INSTRUCTIONS FOR THE TASK ::
From the entries below, print exactly the span beginning with the line holding "Maltrato infantil, el" and ending with the line holding "Jewel Stealing Prank", endpoints included, and skip any pictures.

____ PROVIDED INFORMATION

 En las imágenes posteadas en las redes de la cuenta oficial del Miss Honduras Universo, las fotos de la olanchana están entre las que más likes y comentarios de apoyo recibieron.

________
____ PROVIDED INFORMATION

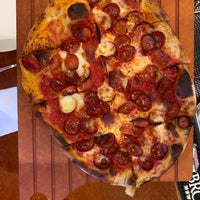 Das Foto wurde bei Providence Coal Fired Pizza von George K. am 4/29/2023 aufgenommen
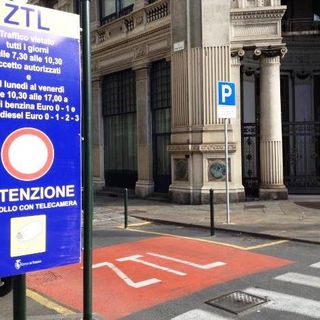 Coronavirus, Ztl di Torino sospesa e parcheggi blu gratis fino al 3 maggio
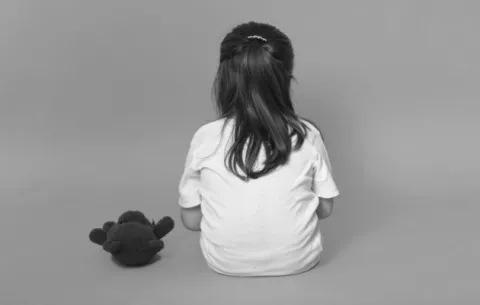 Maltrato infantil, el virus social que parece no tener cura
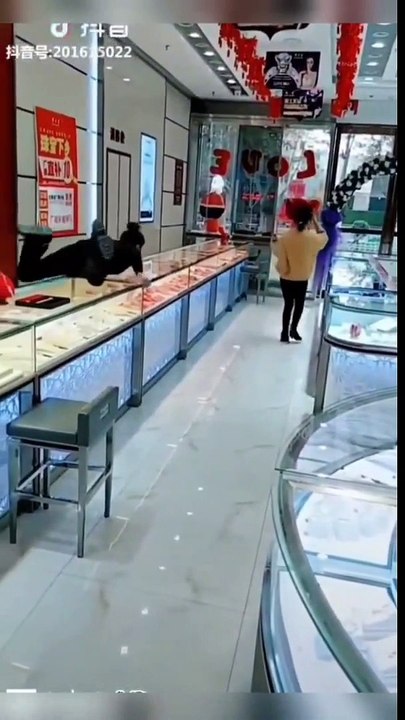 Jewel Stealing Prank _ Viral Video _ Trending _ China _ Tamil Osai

________

ANSWER FOR THIS EXERCISE ::
 Maltrato infantil, el virus social que parece no tener cura
 Jewel Stealing Prank _ Viral Video _ Trending _ China _ Tamil Osai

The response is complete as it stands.